Kediri – Penjual pupuk anorganik dan organik bermodel satu paket yang diberlakukan petani Kabupaten Kediri, direaksi keras Himpunan Kerukunan Tani Indonesia (HKTI) Kediri. Pihaknya meminta agen atau pengecer yang merugikan petani itu segera ditertibkan.
Ketua HKTI Kediri, Iskak Maulana mengaku sudah mengajukan persoalan itu ke Komisi B DPRD Kab. Kediri. “Komisi B harus klarifikasi terkait dengan menajemen peredaran pupuk dipaket yang akhirnya merugikan petani itu,” ucapnya.
Penggunaan pupuk organik, lanjut Iskak yang juga menjabat ketua Komisi A DPRD Kabupaten Kediri itu, pada prinsipnya sangat baik karena menyuburkan lahan pertanian. Selama ini, sudah banyak petani yang menggunakan pupuk kandang (organik). “Hanya saja, caranya masih tradisional,--kotoran hewan ditabur begitu saja di lahan pertanian,” tambahnya.
Alangkah baiknya, lanjut dia, kalau kotoran itu difrekmentasi lebih dulu sehingga hasilnya lebih baik. “Ini yang perlu digalakkan di kalangan petani dan harus bersabar. Tidak sekadar kotoran dilempar begitu saja di sawah,” tambahnya.
Sementara itu, Amriyanto, Ketua Komisi B sudah mersponnya dan akan memanggil Satun Kerja (Satket) terkait. Selain itu, pihaknya akan berkonsultasi dengan pusat mapun Pemprov Jatim, karena adanya kebijakan bahwa penggunaan pupuk organik untuk digalakkan di kalangan petani.
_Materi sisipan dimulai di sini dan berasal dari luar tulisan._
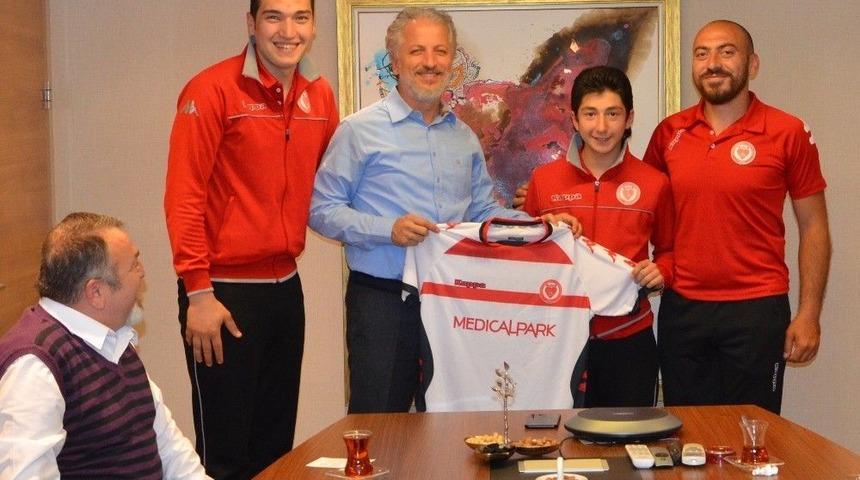 &Ouml;zcan: "sporcularımız Gururumuz"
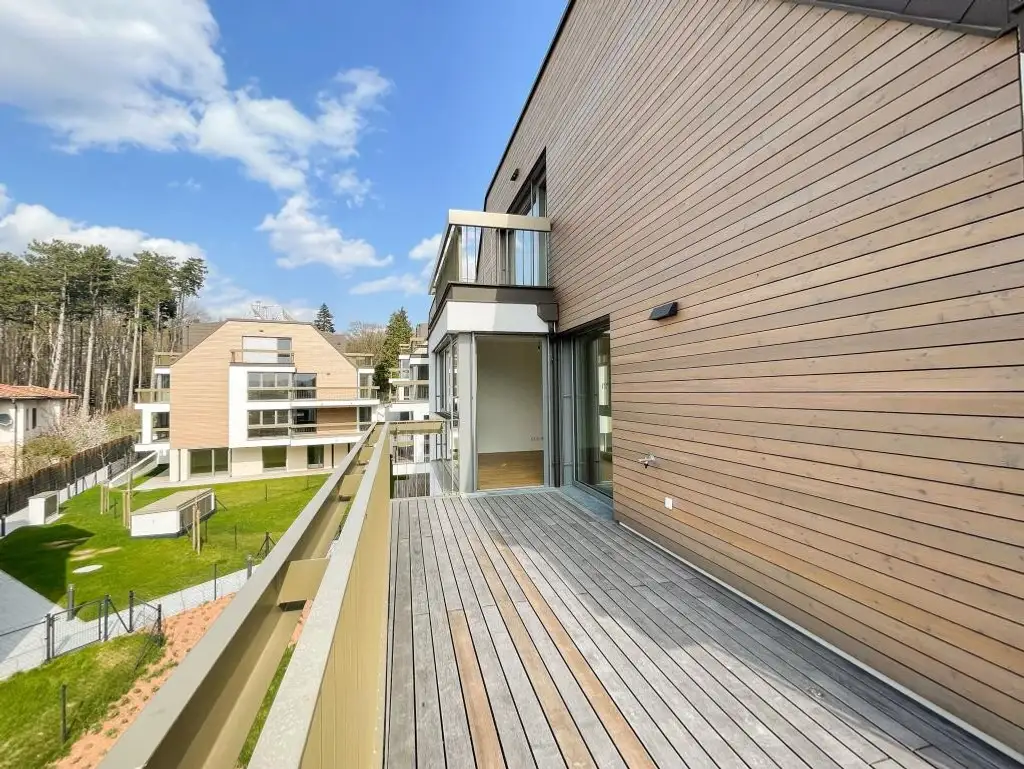 Exklusiv und komplett möblierte 3-Zimmer-Terrassenwohnung für gehob. Ansprüche // Excl. and fully furnished 3-room terr. apt for discerning tastes //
Di sejumlah daerah di Kabupaten Kediri, sudah ada kelompok tani yang memproduksi pupuk organik yang berbahan kotoran hewan dan dedaunan. Diterapkannya peredaran pupuk paket, selain akan memberatkan petani juga megancam usaha kelompok tani di bidang pupuk organik.
Salah satunya produksi pupuk organik yang dikembangkan Kelompok Tani (KT) Sri Rejeki di Desa Kandangan, Kecamatan Pagu. KT Sri Rejeki setiap hari mampu memproduksi antara 5- 6 ton pupuk organik berupa grandul, bogasi dan pupuk organik cair. Jika kondisi mendung, produksi dapat terhambat karena bahan baku,--kotoran hewan tidak bisa cepat kering. Konsumen pupuk organik ini kebanyakan petani Kab. Kediri.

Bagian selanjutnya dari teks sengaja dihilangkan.